Exercise brief = All the lines below need to be transcribed exactly. Pictures get left out.

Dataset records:
----

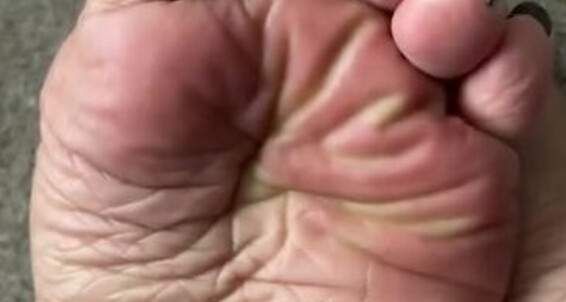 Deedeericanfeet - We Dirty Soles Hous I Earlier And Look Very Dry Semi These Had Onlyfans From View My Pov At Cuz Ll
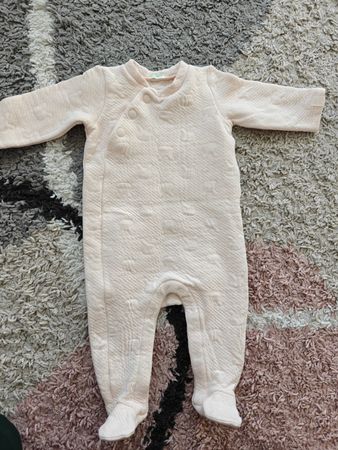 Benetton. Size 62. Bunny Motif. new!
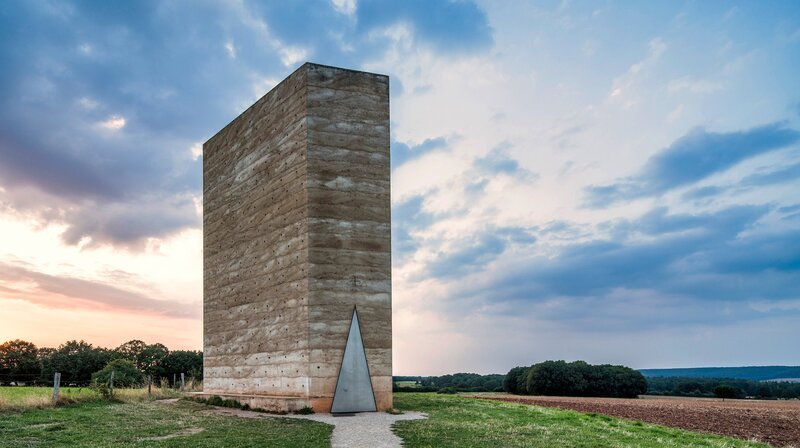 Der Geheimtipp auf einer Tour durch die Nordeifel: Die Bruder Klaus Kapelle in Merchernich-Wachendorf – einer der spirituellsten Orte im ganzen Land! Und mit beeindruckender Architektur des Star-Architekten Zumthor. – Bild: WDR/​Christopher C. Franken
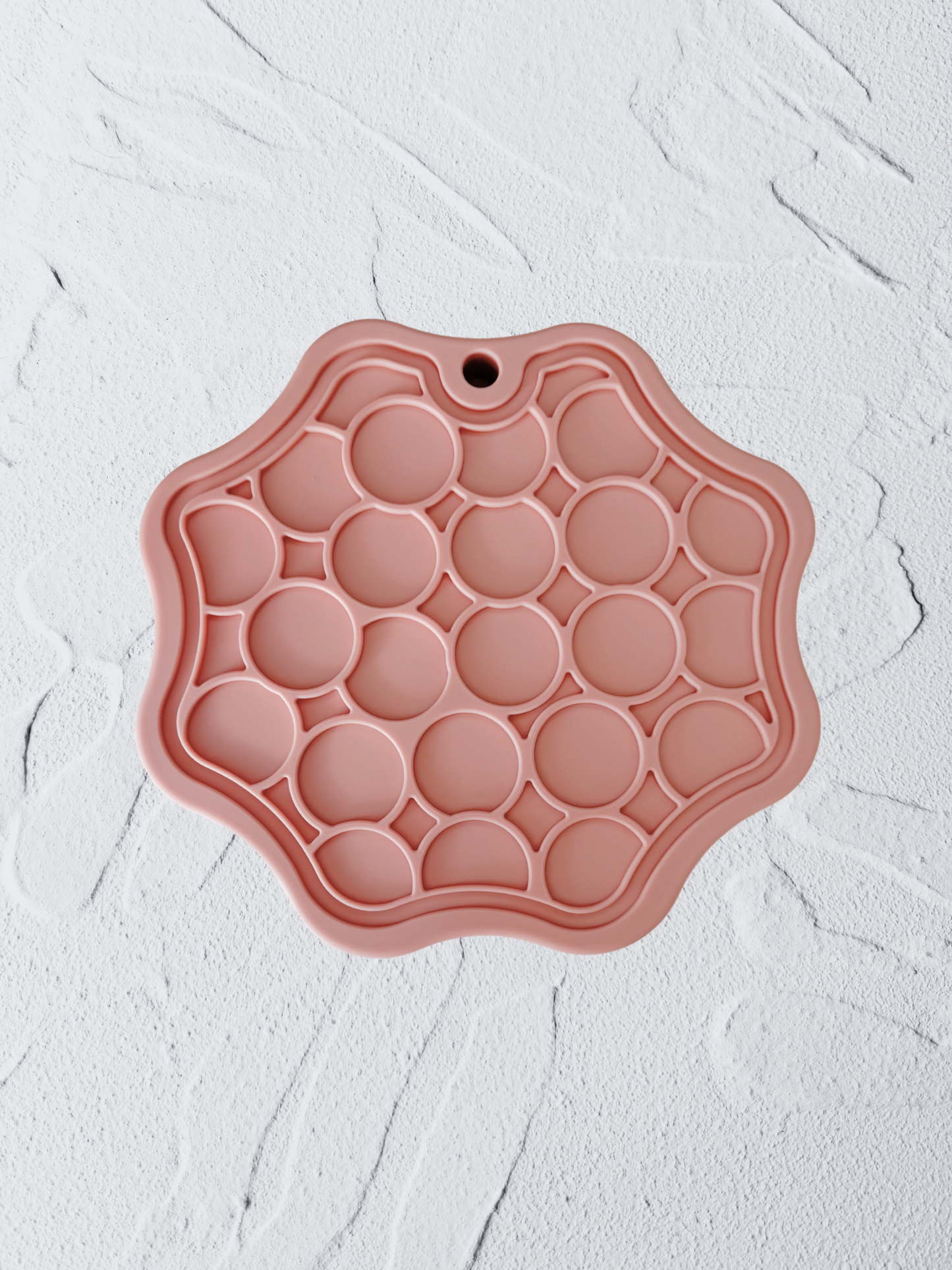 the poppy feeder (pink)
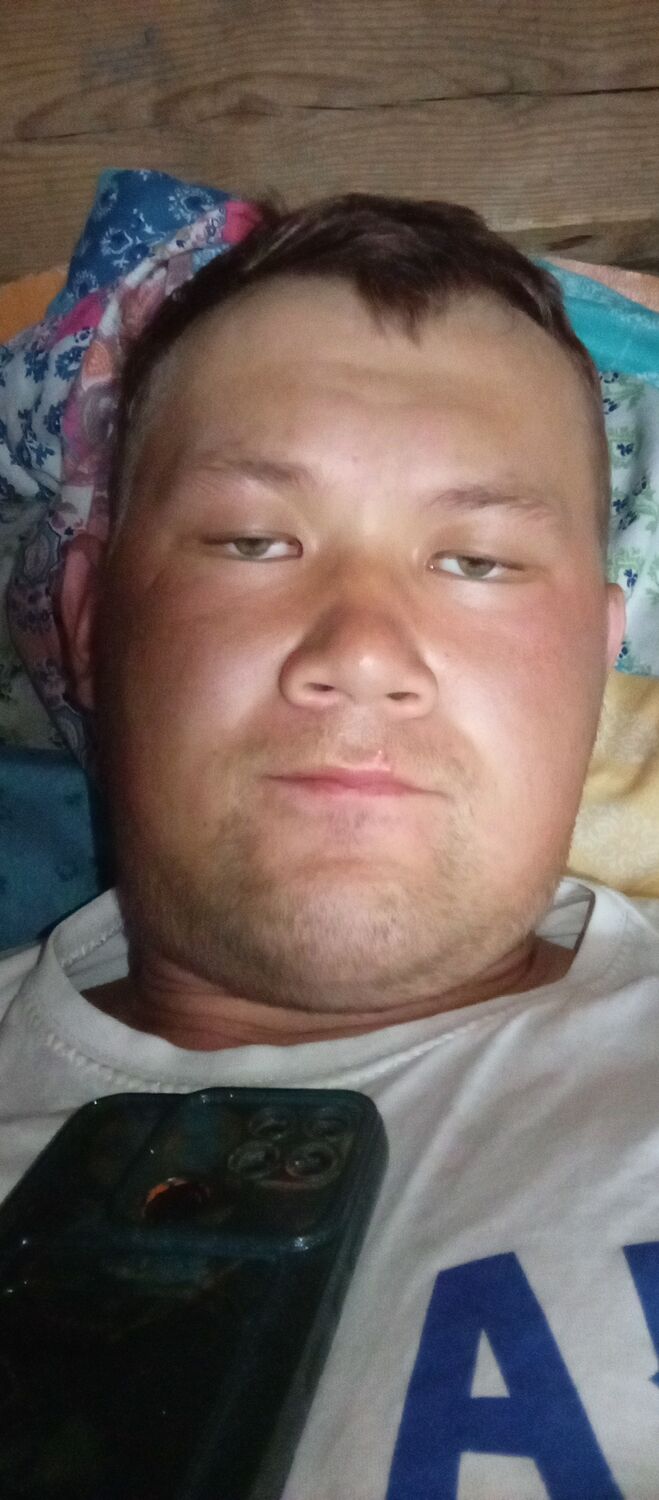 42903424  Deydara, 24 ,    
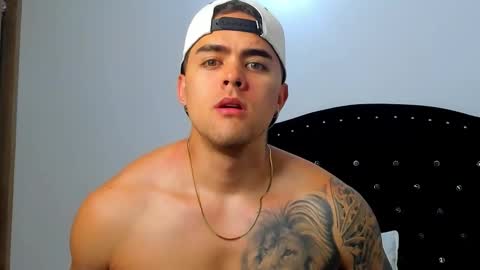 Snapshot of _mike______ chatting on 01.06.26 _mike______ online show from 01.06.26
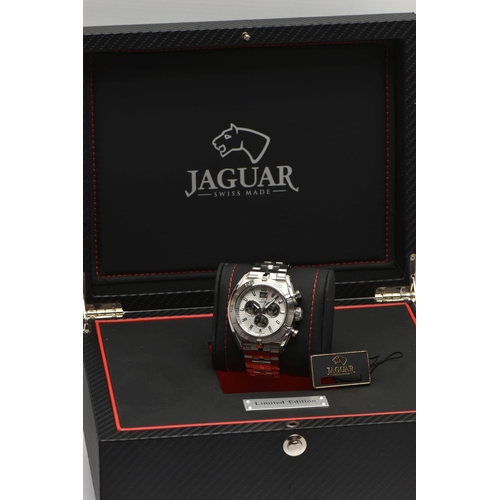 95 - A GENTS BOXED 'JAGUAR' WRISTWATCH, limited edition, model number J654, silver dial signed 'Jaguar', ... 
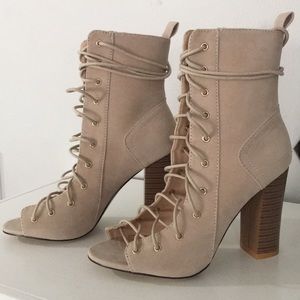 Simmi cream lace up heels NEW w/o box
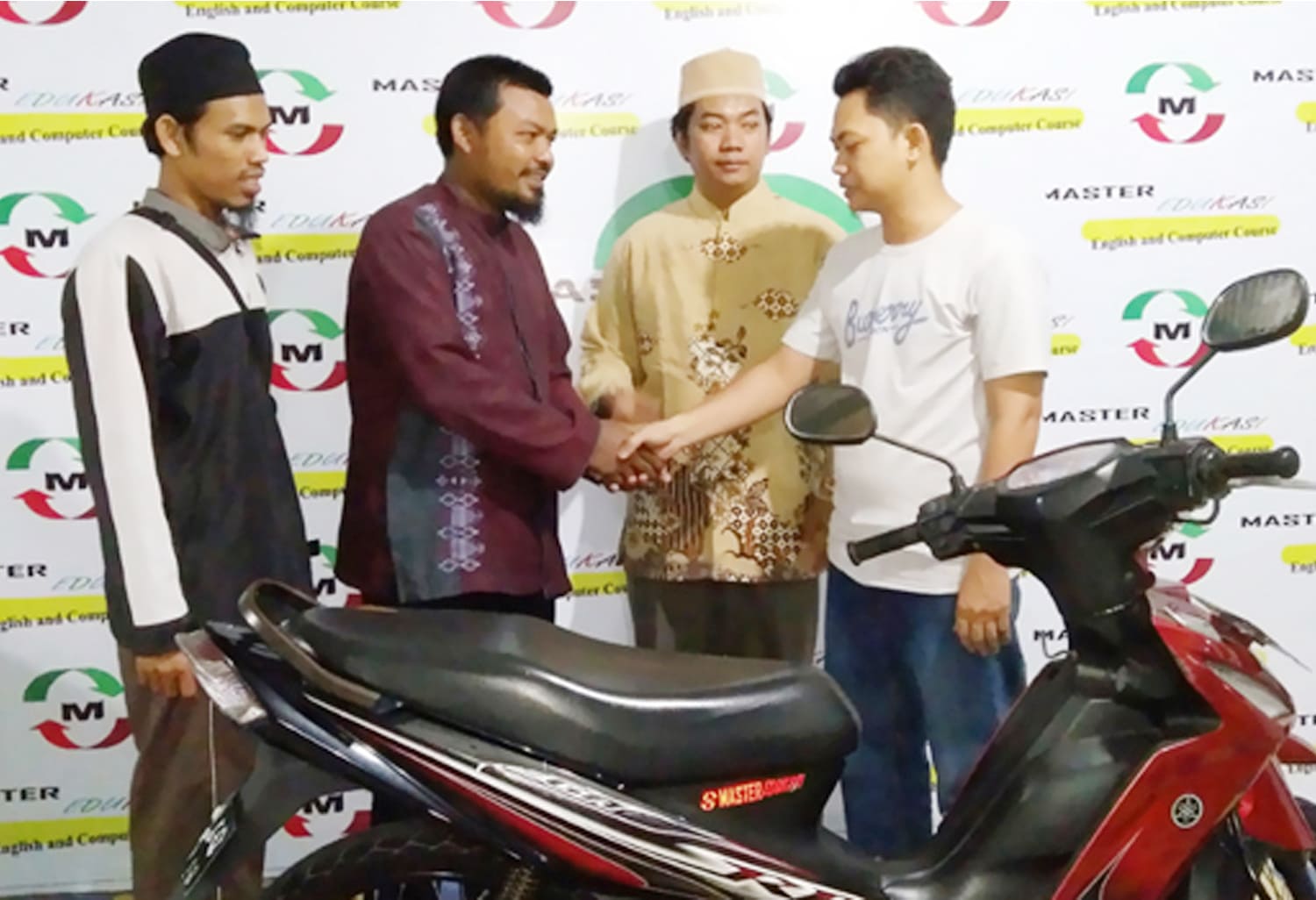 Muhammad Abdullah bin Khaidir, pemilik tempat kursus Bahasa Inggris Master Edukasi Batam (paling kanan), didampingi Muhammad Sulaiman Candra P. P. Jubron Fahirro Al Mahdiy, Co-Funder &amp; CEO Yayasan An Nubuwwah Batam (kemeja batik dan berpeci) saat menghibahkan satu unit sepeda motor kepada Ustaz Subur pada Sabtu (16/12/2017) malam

----

Reply =
 Deedeericanfeet - We Dirty Soles Hous I Earlier And Look Very Dry Semi These Had Onlyfans From View My Pov At Cuz Ll
 Benetton. Size 62. Bunny Motif. new!
 Der Geheimtipp auf einer Tour durch die Nordeifel: Die Bruder Klaus Kapelle in Merchernich-Wachendorf – einer der spirituellsten Orte im ganzen Land! Und mit beeindruckender Architektur des Star-Architekten Zumthor. – Bild: WDR/​Christopher C. Franken
 the poppy feeder (pink)
 42903424  Deydara, 24 ,    
 Snapshot of _mike______ chatting on 01.06.26 _mike______ online show from 01.06.26
 95 - A GENTS BOXED 'JAGUAR' WRISTWATCH, limited edition, model number J654, silver dial signed 'Jaguar', ... 
 Simmi cream lace up heels NEW w/o box
 Muhammad Abdullah bin Khaidir, pemilik tempat kursus Bahasa Inggris Master Edukasi Batam (paling kanan), didampingi Muhammad Sulaiman Candra P. P. Jubron Fahirro Al Mahdiy, Co-Funder &amp; CEO Yayasan An Nubuwwah Batam (kemeja batik dan berpeci) saat menghibahkan satu unit sepeda motor kepada Ustaz Subur pada Sabtu (16/12/2017) malam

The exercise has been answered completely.